Former premier Frank Hsieh (謝長廷) was on Wednesday able to laugh it off when his account on Chinese microblogging Web site Sina Weibo was shut down less than 24 hours after he made it public.
The suspension did not come as a surprise, as people know how tightly the Chinese government runs its Internet controls and clamps down on free speech, but this was special because it happened to Hsieh.
Hsieh’s China policy is widely considered the most moderate among senior Democratic Progressive Party (DPP) politicians and he became the first DPP heavyweight to visit China last year.
Beijing, which appeared to be ready for closer engagement with the independence-minded DPP, extended its goodwill by sending several high-ranking officials to meet Hsieh, who, conversely, was criticized by many of his fellow party members for “kowtowing to China” during the trip.
That explains why the case is so symbolic to Taiwanese, some of whom still expect Beijing to change its stance on reconciliation across the Taiwan Strait, and it was, perhaps, a stupid move by the Chinese government, which says it wants to “win the hearts of Taiwanese compatriots.”
In his Sina Weibo messages, Hsieh had been treading carefully around sensitive topics that might trigger Beijing’s censorship. He wrote about freedom of speech, but did not mention Taiwanese independence, Tibetan affairs or Falun Gong, topics likely to rile Beijing.
However, that was not enough to spare his account, which had more than 60,000 followers within hours of his public announcement of its existence.
No one understands what Beijing’s Internet controls are all about better than the Chinese themselves, with many saying they had been waiting for Hsieh’s account to be axed.
The suspension of Hsieh’s account made it even more difficult for Taiwanese to trust the Chinese government.
“If the government could not even tolerate Hsieh’s comments, I don’t know how it could convince Taiwanese [about unification],” a Sina Weibo user wrote.

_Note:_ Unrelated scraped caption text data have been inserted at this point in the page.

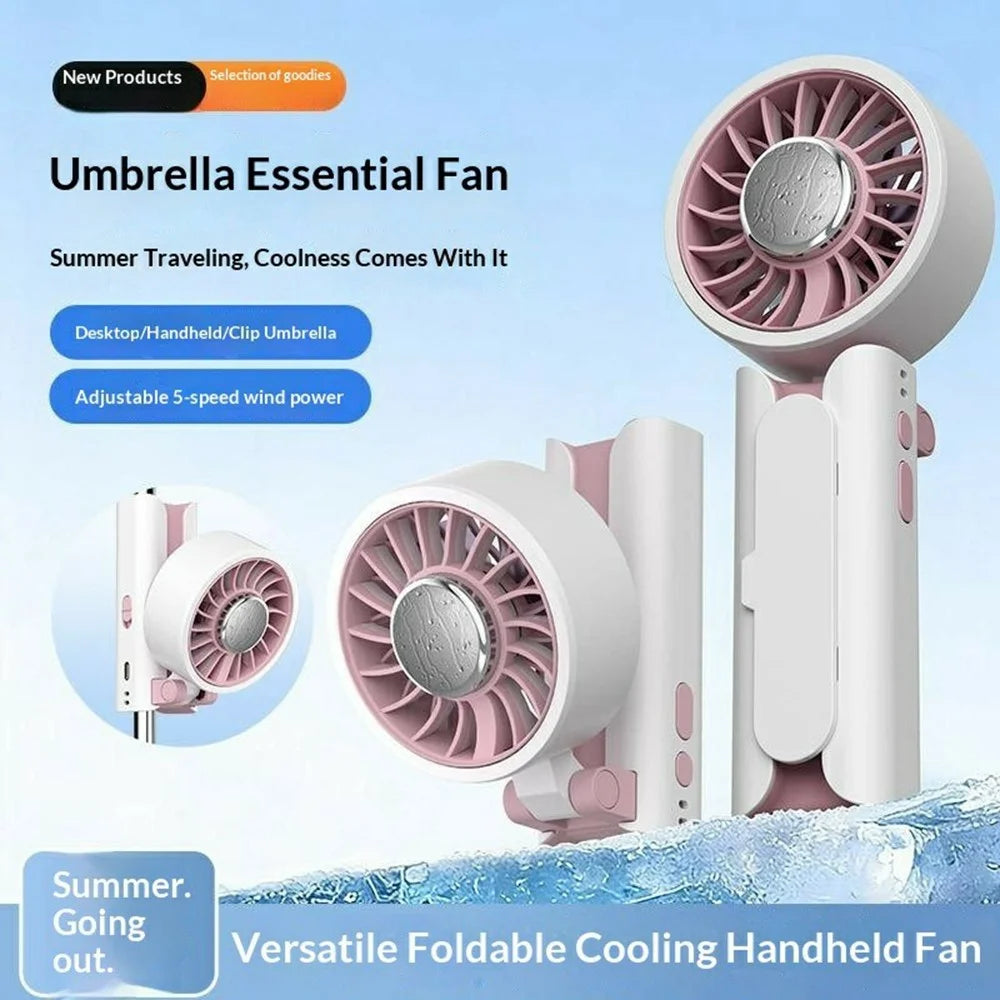 Mini Folding Fan Ice Cooling 5-Speed Handheld Portable Desktop Umbrella Clip Fan for Summer - White / Pink - 2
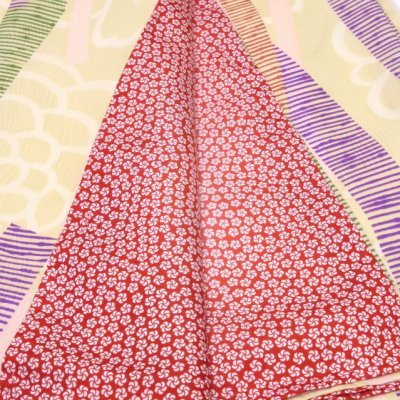 画像5: “H・L(アッシュ・エル)”ブランド 洗える着物 小紋 袷 フリーサイズ【肌色系 短冊に花】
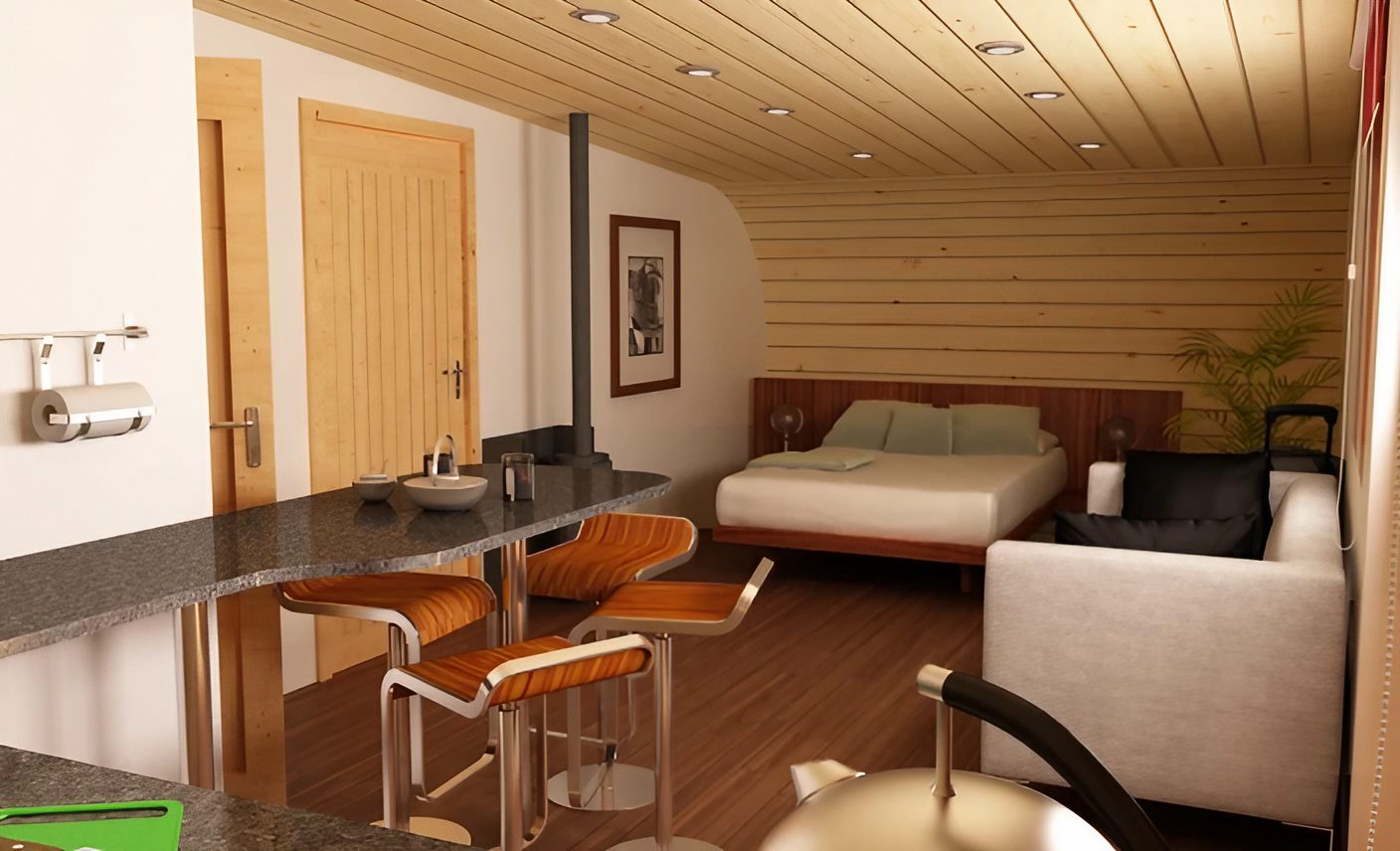 intérieur petite maison 48m2 aux lignes courbes Blue Forest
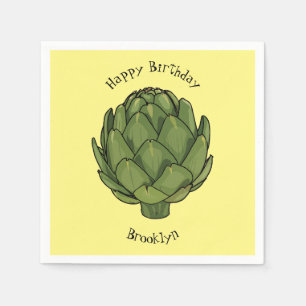 Guardanapo De Papel Ilustração de desenho animado do Artichoke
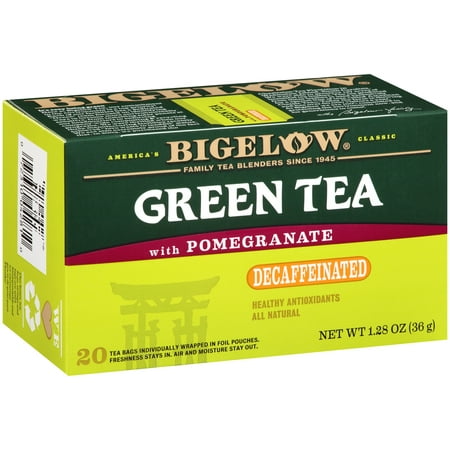 (4 Pack) Bigelow, Green Tea with Pomegranate Decaf, Tea Bags, 20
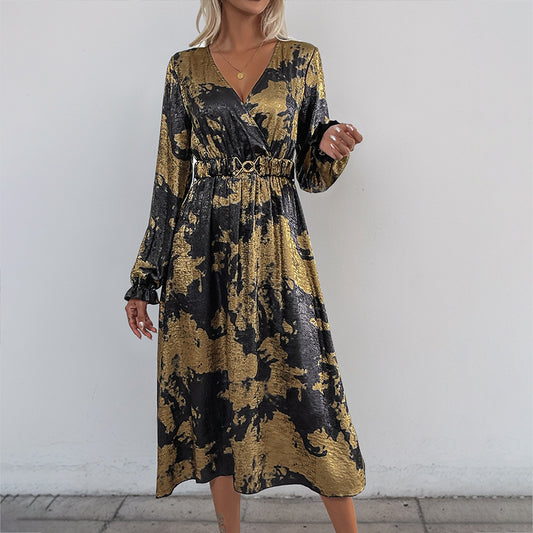 Luxury Fall V-Neck Long Sleeve Gold Foil A-Line Dress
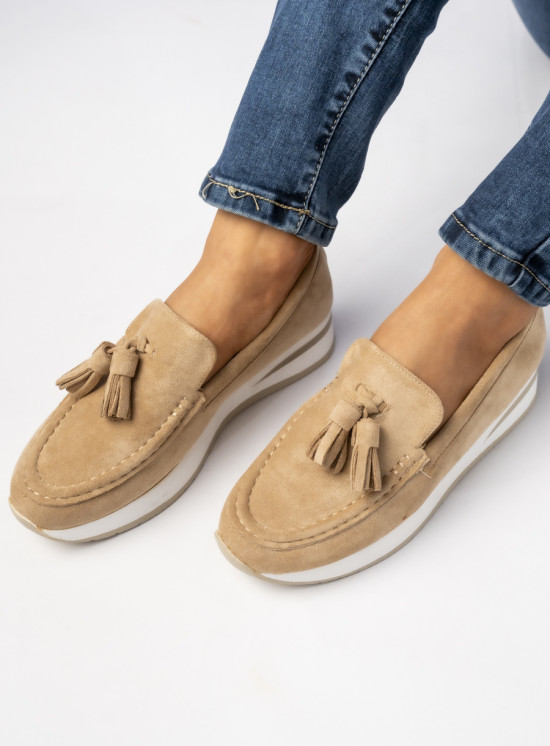 Dámské semišové mokasíny s třásněmi béžové
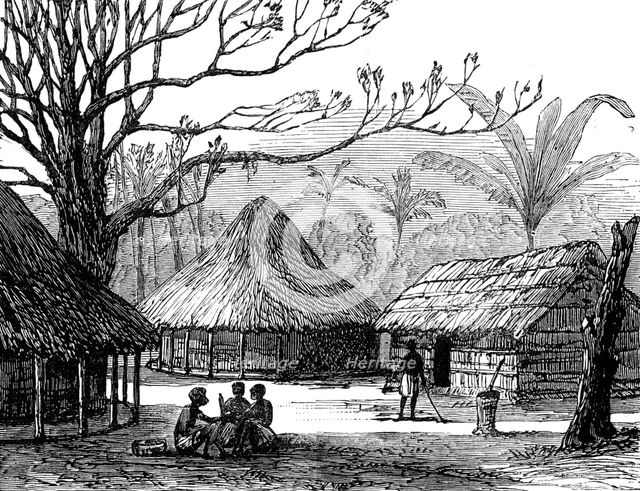 Village of Beho Beho, where Mr. Keith Johnston died, East Central Africa, 1880. Creator: Unknown.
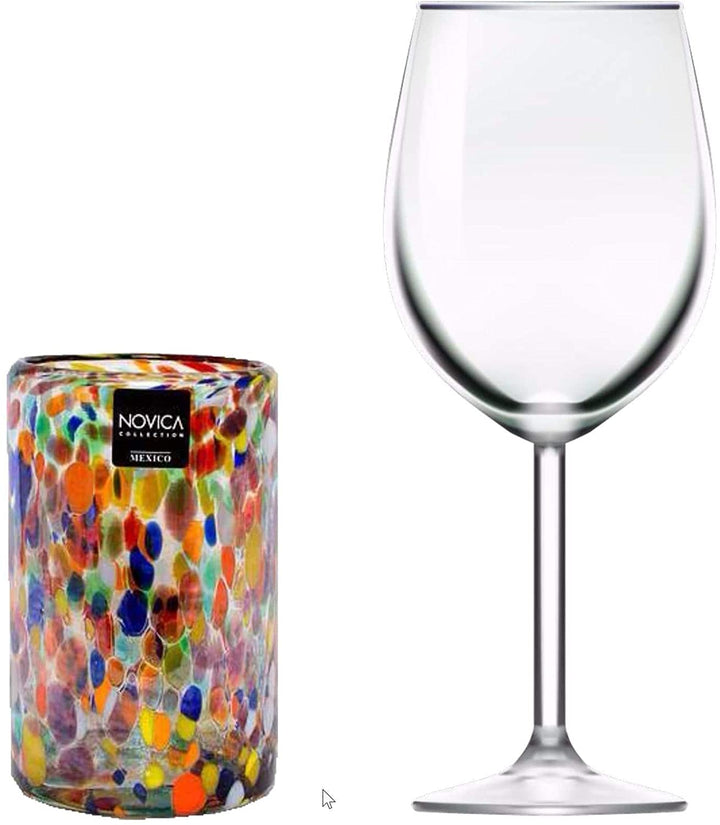 Handmade Hand Blown Multicolor Glasses Carnival Tumblers Set 6 (Mexico) Clear Glass - Diamond Home USA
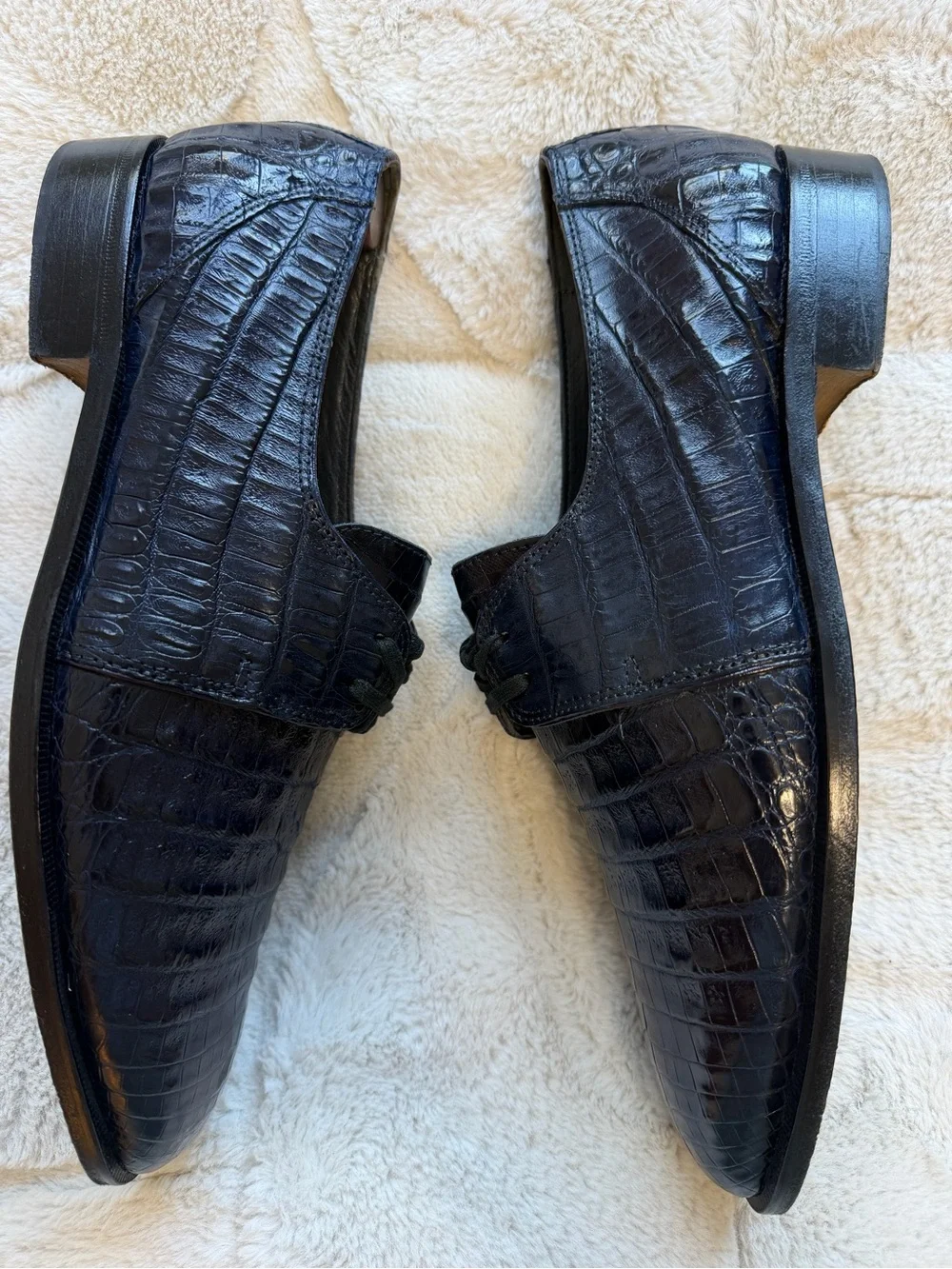 $700 David Eden Navy Blue Genuine Crocodile Alligator Exotic Skin Shoes 9.5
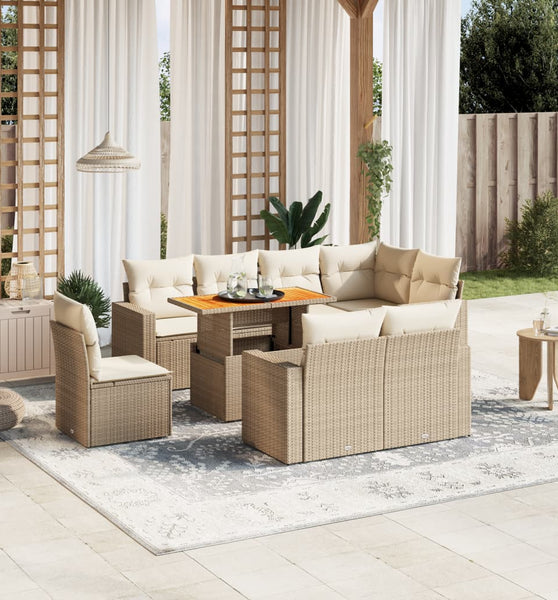9-tlg. Garten-Sofagarnitur mit Kissen Beige Poly Rattan
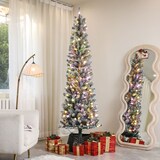 thumbnail of Árbol de Navidad 225 cm árbol de Navidad artificial con 220 luces LED de dos colores 519 ramas y soporte de acero árbol navideño para interior verde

Taiwanese seem to be trapped between conflicting thoughts about the emerging China. On one hand, they fantasize about the sheer size and potential of the Chinese market, with more young Taiwanese saying they are willing to move to China for better career opportunities and a higher salary, while on the other they know very well what is happening across the Taiwan Strait with regards to the lack of free speech and political oppression.
Beijing seems to believe that economic and political development can be separated. Particularly, freedom of speech is considered an “internal affair” in which other nations should not interfere.
However, the stakes are much higher for Taiwanese than nationals of other countries, who, to some degree, can separate doing business and the lack of respect of basic human rights in China.
For the million Taiwanese currently working and living in China, their freedom of speech and personal safety face the same threats as those of Chinese.
The people of Taiwan are increasingly concerned about Chinese influence in the media and the self-censorship of government officials, who seem to be avoiding topics that could offend Beijing.
The Hsieh incident is only the tip of the iceberg in terms of Taiwanese concerns about what their future would be like if unification occurred or Beijing’s influence on Taipei became too strong to ignore.
It also serves as a reminder for Taiwanese about the significance of making basic human rights and values the basis of cross-strait engagements. After all, Hsieh could apply for a new Sina Weibo account, but the loss of freedom of speech is not as easy to rectify.